Netanyahu warned Sunday, “The most important thing is to make sure that Iran doesn’t get a path to the bomb and that Iran’s aggression in Yemen and elsewhere, including around Israel’s borders, is stopped.”

McConnell, appearing with Netanyahu, said, “The option, if there’s an agreement, is a bill that we intend to vote on that enjoys bipartisan support to require that agreement come to Congress for approval. If there’s no deal then the view of this group, similar to your own, is that ratcheting up sanctions might be the best direction.”

But these developments have also led some Republican leaders to encourage the administration to slow down.

“We call them Houthis, [but] this is Iran,” Senate Intelligence Committee Chairman Richard Burr, R-N.C. said Sunday on CBS. “I think now is the time to push back from the table and ask ourselves, is it really time to trust the people that we’re negotiating with, the Iranians. I would encourage the administration, let’s take more time.”

Corker said Sunday he was concerned that negotiators are “rushing headlong into a deal.” He added, “Our nation and the world would be much better off if they would slow down or pause to ensure that if a deal is reached, it will be enforceable, hold Iran accountable, and be strong enough to stand the test of time. Especially with all of the turmoil in the region today, a bad deal is far worse than no deal.”

Add to that turmoil that one of Iran’s primary demands for the agreement — that it be granted more immediate and full sanctions relief — can only be granted with the help of Congress. According to reports, this context has forced the White House to consider a compromise that would allow lawmakers more of an oversight role. It still opposes any legislation that would result in new sanctions or give the body a final vote, or any action before June 30.
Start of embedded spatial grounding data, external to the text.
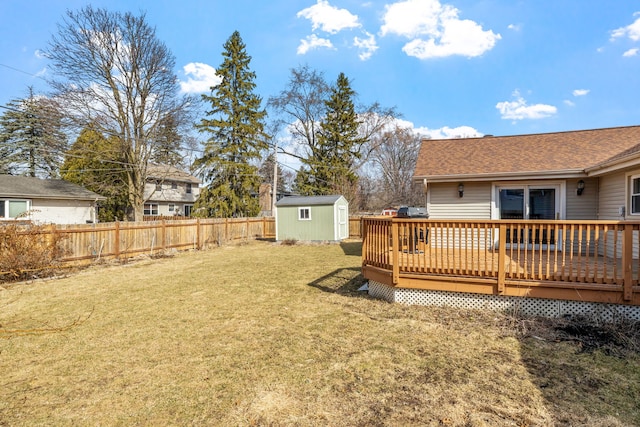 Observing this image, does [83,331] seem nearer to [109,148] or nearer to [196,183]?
[109,148]

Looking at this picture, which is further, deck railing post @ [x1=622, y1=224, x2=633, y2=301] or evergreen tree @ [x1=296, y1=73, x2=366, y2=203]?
evergreen tree @ [x1=296, y1=73, x2=366, y2=203]

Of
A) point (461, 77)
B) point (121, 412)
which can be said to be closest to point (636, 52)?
point (461, 77)

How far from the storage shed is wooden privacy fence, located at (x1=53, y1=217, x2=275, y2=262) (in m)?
2.81

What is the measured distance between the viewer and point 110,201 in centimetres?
2445

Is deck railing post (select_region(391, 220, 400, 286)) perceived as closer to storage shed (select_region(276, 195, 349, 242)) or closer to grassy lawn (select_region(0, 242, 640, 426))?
grassy lawn (select_region(0, 242, 640, 426))

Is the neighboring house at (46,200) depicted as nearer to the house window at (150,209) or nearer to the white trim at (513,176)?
the house window at (150,209)

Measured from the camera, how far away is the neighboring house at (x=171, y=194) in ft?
94.1

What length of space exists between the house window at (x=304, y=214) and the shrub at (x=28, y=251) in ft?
35.3

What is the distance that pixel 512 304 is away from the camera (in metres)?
4.95

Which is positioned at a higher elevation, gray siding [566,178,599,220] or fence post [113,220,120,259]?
gray siding [566,178,599,220]

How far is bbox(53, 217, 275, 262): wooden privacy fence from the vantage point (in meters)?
10.1

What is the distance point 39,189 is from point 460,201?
889 inches

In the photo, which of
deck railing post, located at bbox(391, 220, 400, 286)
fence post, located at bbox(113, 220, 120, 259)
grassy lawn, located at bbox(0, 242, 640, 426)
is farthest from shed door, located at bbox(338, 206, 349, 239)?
deck railing post, located at bbox(391, 220, 400, 286)

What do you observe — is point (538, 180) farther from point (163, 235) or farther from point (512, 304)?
point (163, 235) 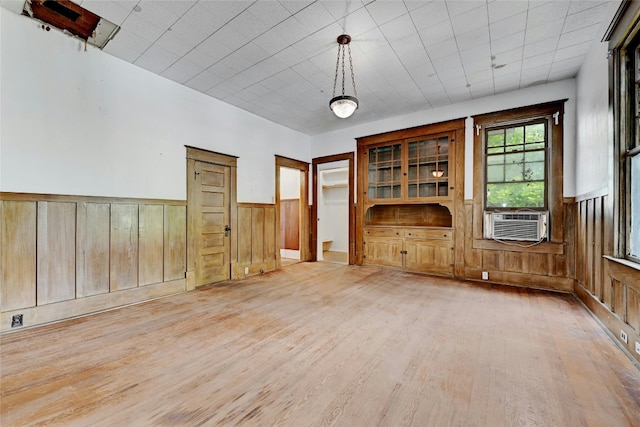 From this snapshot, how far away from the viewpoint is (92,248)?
319 cm

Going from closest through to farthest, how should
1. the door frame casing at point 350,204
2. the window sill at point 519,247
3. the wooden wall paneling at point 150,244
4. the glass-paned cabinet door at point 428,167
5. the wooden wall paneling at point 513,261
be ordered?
the wooden wall paneling at point 150,244 → the window sill at point 519,247 → the wooden wall paneling at point 513,261 → the glass-paned cabinet door at point 428,167 → the door frame casing at point 350,204

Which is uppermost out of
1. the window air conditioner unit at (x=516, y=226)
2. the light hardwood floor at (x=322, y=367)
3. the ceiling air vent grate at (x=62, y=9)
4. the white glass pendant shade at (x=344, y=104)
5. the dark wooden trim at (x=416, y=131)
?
the ceiling air vent grate at (x=62, y=9)

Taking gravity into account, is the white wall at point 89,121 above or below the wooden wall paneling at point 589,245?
above

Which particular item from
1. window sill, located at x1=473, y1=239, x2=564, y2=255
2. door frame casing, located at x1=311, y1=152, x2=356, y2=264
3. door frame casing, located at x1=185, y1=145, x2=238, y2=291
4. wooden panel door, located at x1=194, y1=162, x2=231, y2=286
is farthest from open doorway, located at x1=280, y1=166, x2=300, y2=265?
window sill, located at x1=473, y1=239, x2=564, y2=255

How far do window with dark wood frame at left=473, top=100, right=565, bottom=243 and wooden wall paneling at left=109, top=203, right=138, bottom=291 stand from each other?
5193 millimetres

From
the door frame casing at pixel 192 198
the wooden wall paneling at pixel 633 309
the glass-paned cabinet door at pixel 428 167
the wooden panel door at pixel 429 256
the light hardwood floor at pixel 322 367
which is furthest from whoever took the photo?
the glass-paned cabinet door at pixel 428 167

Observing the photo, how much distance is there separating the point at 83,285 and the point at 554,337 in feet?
16.0

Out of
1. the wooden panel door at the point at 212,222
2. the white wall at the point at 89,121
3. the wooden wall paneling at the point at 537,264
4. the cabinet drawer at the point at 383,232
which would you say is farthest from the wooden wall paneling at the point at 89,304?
the wooden wall paneling at the point at 537,264

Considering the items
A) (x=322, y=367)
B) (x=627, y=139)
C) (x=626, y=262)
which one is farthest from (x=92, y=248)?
(x=627, y=139)

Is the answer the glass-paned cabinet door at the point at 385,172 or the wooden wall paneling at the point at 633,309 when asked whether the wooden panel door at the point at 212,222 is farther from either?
the wooden wall paneling at the point at 633,309

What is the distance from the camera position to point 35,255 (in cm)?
279

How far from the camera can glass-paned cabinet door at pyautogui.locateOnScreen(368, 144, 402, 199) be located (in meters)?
5.56

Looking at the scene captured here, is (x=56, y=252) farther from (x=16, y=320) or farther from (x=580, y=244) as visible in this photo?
(x=580, y=244)

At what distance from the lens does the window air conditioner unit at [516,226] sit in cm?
408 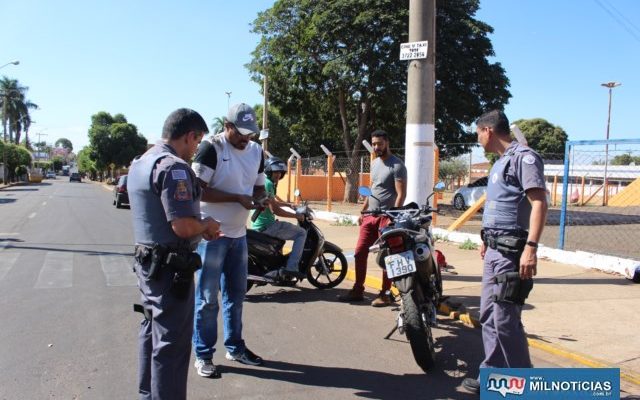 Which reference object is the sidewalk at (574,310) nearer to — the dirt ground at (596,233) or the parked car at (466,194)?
the dirt ground at (596,233)

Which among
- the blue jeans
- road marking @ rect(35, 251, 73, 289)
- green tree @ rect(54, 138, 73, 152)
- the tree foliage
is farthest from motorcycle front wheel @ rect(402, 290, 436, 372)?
green tree @ rect(54, 138, 73, 152)

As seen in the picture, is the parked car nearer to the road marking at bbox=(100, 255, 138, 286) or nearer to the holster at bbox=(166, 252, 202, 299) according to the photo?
the road marking at bbox=(100, 255, 138, 286)

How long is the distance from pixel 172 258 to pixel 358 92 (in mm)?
21736

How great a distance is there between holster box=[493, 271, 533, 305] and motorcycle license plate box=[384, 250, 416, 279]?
3.11 feet

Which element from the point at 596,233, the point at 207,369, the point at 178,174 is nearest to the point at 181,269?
the point at 178,174

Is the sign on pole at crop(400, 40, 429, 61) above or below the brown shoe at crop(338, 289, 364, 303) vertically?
above

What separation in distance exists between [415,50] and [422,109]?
2.49 ft

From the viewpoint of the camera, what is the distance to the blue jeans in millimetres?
4074

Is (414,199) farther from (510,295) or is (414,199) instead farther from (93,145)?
(93,145)

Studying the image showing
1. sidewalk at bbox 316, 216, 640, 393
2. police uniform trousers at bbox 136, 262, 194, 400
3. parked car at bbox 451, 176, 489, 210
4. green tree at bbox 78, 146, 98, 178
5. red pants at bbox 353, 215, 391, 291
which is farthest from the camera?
green tree at bbox 78, 146, 98, 178

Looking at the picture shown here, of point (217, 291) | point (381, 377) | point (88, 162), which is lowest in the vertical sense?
point (381, 377)

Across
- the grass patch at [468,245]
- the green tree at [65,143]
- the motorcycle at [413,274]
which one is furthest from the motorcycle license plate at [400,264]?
the green tree at [65,143]

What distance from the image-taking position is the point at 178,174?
2840 mm

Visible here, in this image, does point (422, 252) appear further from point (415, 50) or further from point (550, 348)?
point (415, 50) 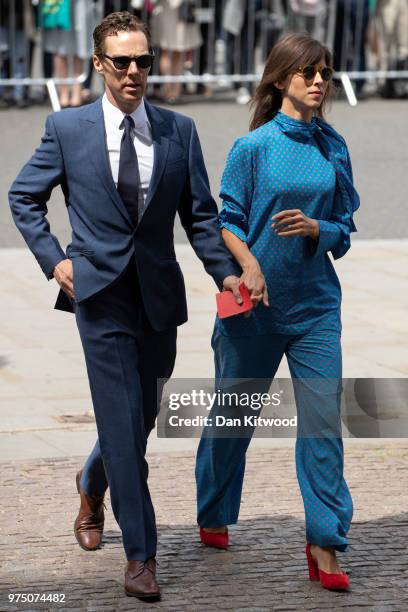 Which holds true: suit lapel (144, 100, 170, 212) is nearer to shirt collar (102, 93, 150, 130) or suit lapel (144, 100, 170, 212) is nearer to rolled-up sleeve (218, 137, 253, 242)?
shirt collar (102, 93, 150, 130)

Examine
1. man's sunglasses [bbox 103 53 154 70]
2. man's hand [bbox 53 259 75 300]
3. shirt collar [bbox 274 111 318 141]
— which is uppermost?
man's sunglasses [bbox 103 53 154 70]

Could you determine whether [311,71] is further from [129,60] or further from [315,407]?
[315,407]

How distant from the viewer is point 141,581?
16.7ft

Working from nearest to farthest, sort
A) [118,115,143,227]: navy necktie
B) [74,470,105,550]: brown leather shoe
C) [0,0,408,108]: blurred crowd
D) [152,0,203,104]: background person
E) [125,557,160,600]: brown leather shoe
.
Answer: [125,557,160,600]: brown leather shoe, [118,115,143,227]: navy necktie, [74,470,105,550]: brown leather shoe, [0,0,408,108]: blurred crowd, [152,0,203,104]: background person

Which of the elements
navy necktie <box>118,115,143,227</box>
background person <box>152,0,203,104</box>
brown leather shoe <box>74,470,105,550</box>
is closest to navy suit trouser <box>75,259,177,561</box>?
navy necktie <box>118,115,143,227</box>

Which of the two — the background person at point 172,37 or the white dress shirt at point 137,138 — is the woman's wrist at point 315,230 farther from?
the background person at point 172,37

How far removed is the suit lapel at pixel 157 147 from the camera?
16.9 ft

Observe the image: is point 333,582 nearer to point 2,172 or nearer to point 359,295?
point 359,295

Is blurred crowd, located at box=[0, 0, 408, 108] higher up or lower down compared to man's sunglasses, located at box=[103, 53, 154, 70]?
lower down

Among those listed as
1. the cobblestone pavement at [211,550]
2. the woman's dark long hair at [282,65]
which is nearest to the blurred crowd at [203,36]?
the cobblestone pavement at [211,550]

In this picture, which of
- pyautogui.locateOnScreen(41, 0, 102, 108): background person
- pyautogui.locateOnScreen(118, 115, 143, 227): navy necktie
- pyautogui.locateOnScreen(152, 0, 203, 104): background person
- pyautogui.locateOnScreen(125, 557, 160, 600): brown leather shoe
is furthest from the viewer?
pyautogui.locateOnScreen(152, 0, 203, 104): background person

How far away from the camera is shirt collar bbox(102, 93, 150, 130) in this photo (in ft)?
17.2

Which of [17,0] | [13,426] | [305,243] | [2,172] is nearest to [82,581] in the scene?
[305,243]

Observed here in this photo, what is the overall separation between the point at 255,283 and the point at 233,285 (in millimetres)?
80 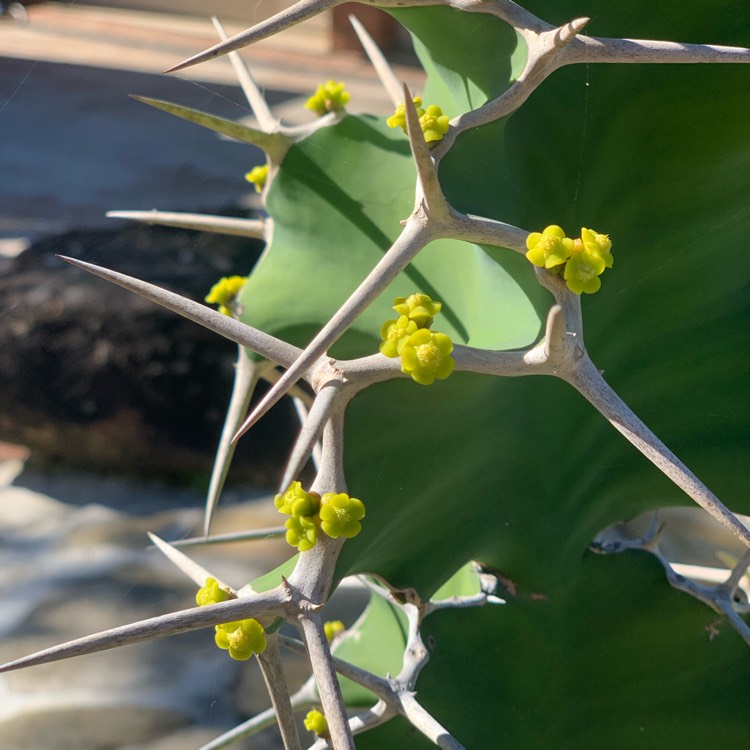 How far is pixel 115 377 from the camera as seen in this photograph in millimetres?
Result: 2152

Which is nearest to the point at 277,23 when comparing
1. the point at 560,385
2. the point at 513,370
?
the point at 513,370

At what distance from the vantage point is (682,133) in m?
0.61

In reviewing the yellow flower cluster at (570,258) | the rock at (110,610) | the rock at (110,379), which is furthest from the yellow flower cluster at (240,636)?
the rock at (110,379)

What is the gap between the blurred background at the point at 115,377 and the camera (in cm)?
141

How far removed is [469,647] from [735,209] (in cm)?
37

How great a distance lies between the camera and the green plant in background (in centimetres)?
47

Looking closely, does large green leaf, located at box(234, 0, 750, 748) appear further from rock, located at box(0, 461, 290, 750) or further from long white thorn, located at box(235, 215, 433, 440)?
rock, located at box(0, 461, 290, 750)

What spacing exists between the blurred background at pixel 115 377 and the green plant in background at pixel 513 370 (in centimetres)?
69

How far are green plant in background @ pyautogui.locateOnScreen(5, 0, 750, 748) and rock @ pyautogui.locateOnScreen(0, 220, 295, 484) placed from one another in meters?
1.29

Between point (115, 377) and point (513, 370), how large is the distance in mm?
1798

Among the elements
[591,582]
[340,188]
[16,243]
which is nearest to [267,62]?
[16,243]

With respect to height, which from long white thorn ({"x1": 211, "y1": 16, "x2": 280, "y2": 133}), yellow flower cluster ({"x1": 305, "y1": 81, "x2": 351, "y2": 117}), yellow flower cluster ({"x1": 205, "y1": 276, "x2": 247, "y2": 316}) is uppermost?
yellow flower cluster ({"x1": 305, "y1": 81, "x2": 351, "y2": 117})

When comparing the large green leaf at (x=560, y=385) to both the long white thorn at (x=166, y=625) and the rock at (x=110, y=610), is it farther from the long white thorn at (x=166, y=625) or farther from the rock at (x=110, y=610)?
the rock at (x=110, y=610)

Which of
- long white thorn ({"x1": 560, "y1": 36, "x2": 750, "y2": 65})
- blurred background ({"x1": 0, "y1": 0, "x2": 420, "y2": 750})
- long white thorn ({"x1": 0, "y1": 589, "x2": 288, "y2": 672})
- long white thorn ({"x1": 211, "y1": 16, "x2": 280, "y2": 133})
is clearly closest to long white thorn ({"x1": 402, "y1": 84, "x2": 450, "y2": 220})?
long white thorn ({"x1": 560, "y1": 36, "x2": 750, "y2": 65}) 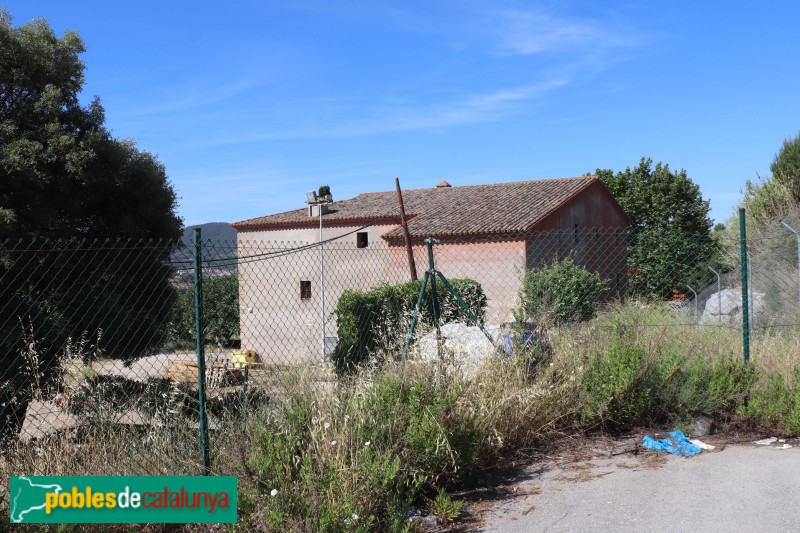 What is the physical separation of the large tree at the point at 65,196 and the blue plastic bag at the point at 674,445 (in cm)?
704

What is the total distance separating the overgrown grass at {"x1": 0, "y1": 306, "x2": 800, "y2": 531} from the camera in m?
4.09

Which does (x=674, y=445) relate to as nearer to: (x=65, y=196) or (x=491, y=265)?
(x=65, y=196)

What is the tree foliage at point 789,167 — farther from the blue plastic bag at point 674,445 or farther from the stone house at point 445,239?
the blue plastic bag at point 674,445

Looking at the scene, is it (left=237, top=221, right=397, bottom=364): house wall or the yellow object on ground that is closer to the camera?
the yellow object on ground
“We are very clear that Congress should not take action while we’re negotiating,” Harf said. “If we can get to a comprehensive agreement, then yes, Congress will have a role to play. For starters, they will have a role to play in eventually lifting the sanctions that they put in place that helped get Iran to the table. They are the only ones that can ultimately lift, terminate the U.S. sanctions that they put in place.”